▶ [Your assignment]: Reproduce, character for character, the entries from their opening line through the line with "Victorian Gold Filled Etched Wide Bangle".

Segment Start: Working data

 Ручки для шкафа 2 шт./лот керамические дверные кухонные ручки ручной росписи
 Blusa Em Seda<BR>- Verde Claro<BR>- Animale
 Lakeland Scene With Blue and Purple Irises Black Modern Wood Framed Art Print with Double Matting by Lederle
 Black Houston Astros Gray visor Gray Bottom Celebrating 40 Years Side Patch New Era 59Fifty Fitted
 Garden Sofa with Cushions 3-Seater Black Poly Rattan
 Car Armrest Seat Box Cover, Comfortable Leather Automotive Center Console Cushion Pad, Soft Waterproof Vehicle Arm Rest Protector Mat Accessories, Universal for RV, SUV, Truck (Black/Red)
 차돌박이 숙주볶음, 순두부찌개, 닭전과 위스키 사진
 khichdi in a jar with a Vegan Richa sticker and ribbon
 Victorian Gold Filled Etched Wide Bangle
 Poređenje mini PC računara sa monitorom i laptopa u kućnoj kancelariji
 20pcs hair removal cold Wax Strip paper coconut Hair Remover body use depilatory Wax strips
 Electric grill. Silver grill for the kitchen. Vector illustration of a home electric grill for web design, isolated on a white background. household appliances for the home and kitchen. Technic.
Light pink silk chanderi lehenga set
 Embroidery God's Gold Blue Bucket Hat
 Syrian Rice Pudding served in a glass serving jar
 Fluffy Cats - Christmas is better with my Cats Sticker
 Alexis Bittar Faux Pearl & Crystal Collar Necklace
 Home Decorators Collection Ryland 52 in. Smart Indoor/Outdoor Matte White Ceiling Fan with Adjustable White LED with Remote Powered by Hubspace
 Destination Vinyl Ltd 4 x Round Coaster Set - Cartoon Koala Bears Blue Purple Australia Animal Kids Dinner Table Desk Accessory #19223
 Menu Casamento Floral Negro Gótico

Segment End: Working data

▶ [Answer]:
 Ручки для шкафа 2 шт./лот керамические дверные кухонные ручки ручной росписи
 Blusa Em Seda<BR>- Verde Claro<BR>- Animale
 Lakeland Scene With Blue and Purple Irises Black Modern Wood Framed Art Print with Double Matting by Lederle
 Black Houston Astros Gray visor Gray Bottom Celebrating 40 Years Side Patch New Era 59Fifty Fitted
 Garden Sofa with Cushions 3-Seater Black Poly Rattan
 Car Armrest Seat Box Cover, Comfortable Leather Automotive Center Console Cushion Pad, Soft Waterproof Vehicle Arm Rest Protector Mat Accessories, Universal for RV, SUV, Truck (Black/Red)
 차돌박이 숙주볶음, 순두부찌개, 닭전과 위스키 사진
 khichdi in a jar with a Vegan Richa sticker and ribbon
 Victorian Gold Filled Etched Wide Bangle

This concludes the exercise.